Now, the moment of truth is not when you push the record button nor when you stop it. It’s not even when you get up and shake your interviewee’s hand while he tells you about living in Alaska for a summer (Ray Severy, Meridian Township Director of Public Works and Engineering, has been everywhere I found out). No, it’s that moment when you import your footage into Final Cut Pro X, nearly letting out an audible sigh of relief when it not only works, but looks good.
Sure, b-roll is easy. I go out, shoot a few signs and streets and cars, maybe even a biker or two. I can get a bunch of footage and then mix it all up, making it looking brilliant (hopefully). But an interview is another story.

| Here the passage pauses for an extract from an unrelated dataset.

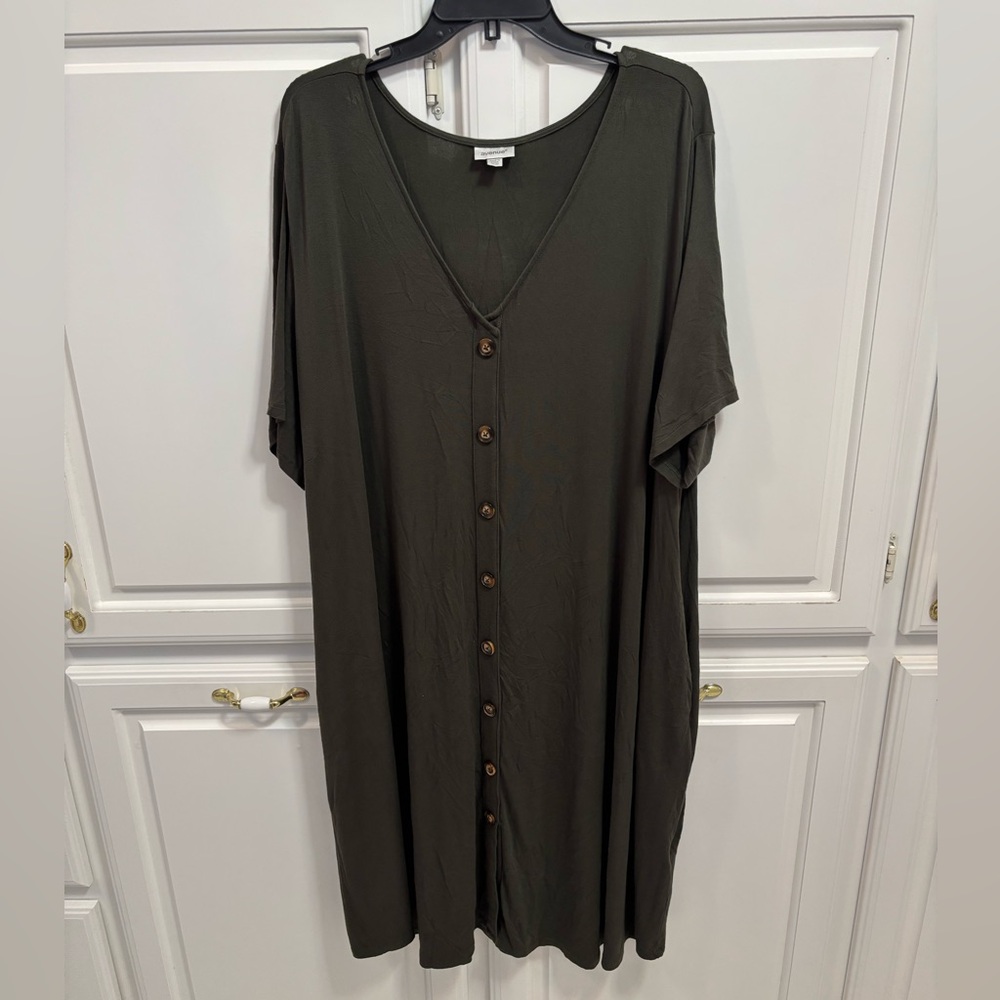 Avenue Deep Olive Faux Button Front Pocket Midi Dress Size 18/20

I have learned I need to get it right. I have to be careful and critique my own work, but I also have to be conscientious of my interviewee’s schedule. I have to set up the camera, lighting, mic, and make sure everything not only works, but gives off a vibe of “Yeah, I know what I’m doing,” and “Yes, this does look that good.” It’s a delicate balance most assuredly, but I know I’ll get the hang of it.
Ray’s interview went quite well. I learned a lot, got a great SOT (basically, an interview clip) out of it, and the video doesn’t look too shabby. However, there’s always room for improvement, as well as a nice metaphor: I’m like Alaska as it is transitioning from winter to summer. Over time, it is illuminated more and more each day as summer approaches, shedding light on everything that had remained hidden before.
As the days go by at HOMTV, my skills and talents are slowly being brought into the light, becoming more and more defined as who I am is illuminated by the coming summer sun. One day, I know I’ll be that person who not only produces amazing stories and films, but when I walk in the room, people will see me in a clear light and say, “Look. She’s someone who knows what their doing.”
*Confession: the interview for my story about the Okemos streetlights with Ray was not the first for HOMTV; however, 1) it was still a bit terrifying and 2) if we acknowledge that truth, I wouldn’t have something to blog about. So, please ignore this side note completely.